Una parola importante ed assai abusata (anche quando in realtà ci si imbatte in artisti cialtroni e prodotti mediocri) per descrivere un’opera che sembra slegata dai canoni del passato. Il vero post-moderno è colui che ha piena coscienza di tali canoni e sa come ribaltarli, e Tarantino ne è un perfetto esempio.

Prendiamo  Pulp Fiction: è chiaro che si tratta di un Noir atipico, in quanto Tarantino si diverte a sballottare lo spettatore in una timeline incasinata, facendoci capire in che modo egli si diverta a giocare con canoni e generi in modo tale da proporre sempre qualcosa di nuovo. Tutto il cinema tarantiniano si basa appunto sulla rottura dei canoni preesistenti e nonostante il regista goda di una fanbase incredibilmente vasta sembra che ben pochi abbiano capito il modus operandi del loro idolo.

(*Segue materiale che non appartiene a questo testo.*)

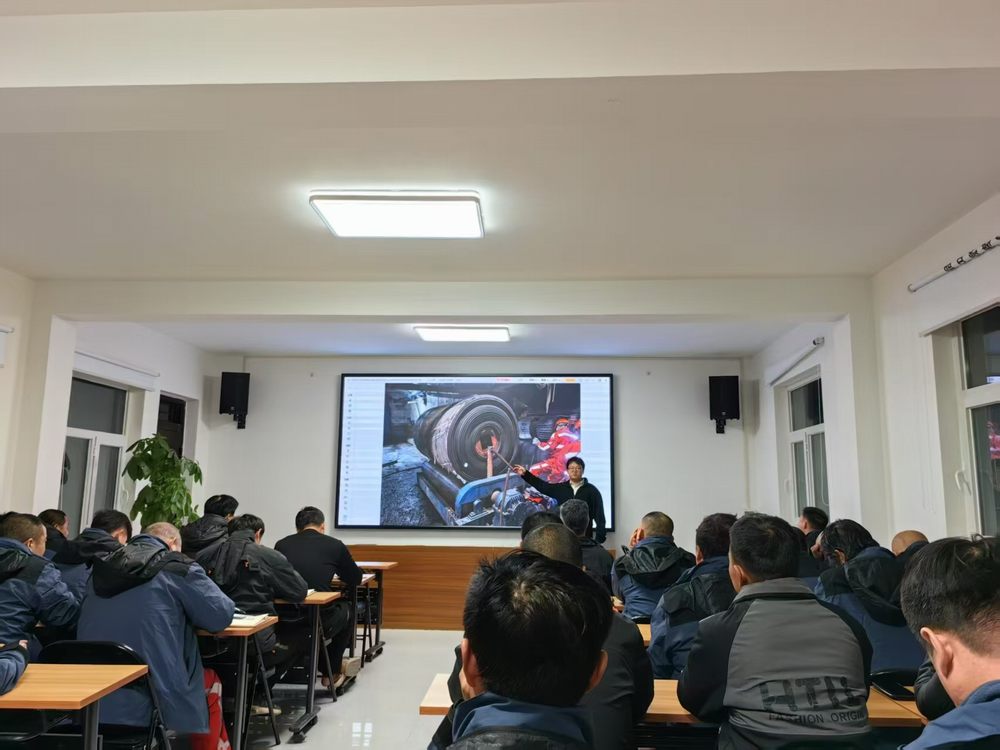 陜煤建設(shè)機(jī)電安裝公司曹家灘項(xiàng)目部：專(zhuān)培強(qiáng)安，筑牢根基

Nessuna eccezione alla regola

Se andrete a vedere “C’era una volta ad Hollywood…”, all’uscita della sala probabilmente sarete circondati di lamentele riguardo la lentezza della narrazione, la mancanza di un senso compiuto nella trama e un sacco di sbuffi. Già da diversi giorni motli in rete accusano il film di essere ben poco tarantiniano, ma basandoci sulle dovute premessse di cui sopra risulta chiaro che, anche in questo caso, Tarantino non è stato compreso. Come nel caso di The Hateful Eight il pubblico si è spaccato. La ragione fondamentale è che i fan negli anni si sono costruiti una sorta di immagine propria del cinema tarantiniano, di conseguenza ad ogni nuova opera ci si aspettano determinati schemi narrativi e tematiche, e come spesso accade quando il pubblico non riceve ciò che si aspetta l’opera subirà una fredda accoglienza.

Tarantino

In questo senso “C’era una volta ad Hollywood…” risulta essere l’apice dell’arte del buon Quentin perché, essendo egli un post-moderno, ci regala un film per certi versi chiaramente in linea con il suo stile mentre per altri totalmente fuori dai binari, esattamente come accadde con The Hateful Eight da cui il pubblico si aspettava un western molto più vicino a Django Unchained piuttosto che una riproposizione de “Le Iene”. È ironico come spesso coloro che elogiano Tarantino per la sua capacità di rimescolare le carte e ribaltare schemi narrativi preesistenti siano gli stessi che mal digeriscono i cambi di rotta che il regista offre ad ogni nuovo film. Tarantino sa perfettamente cosa si aspetta il pubblico da lui e si diverte a deludere le nostre aspettative proponendoci opere che scrive in primo luogo per se stesso.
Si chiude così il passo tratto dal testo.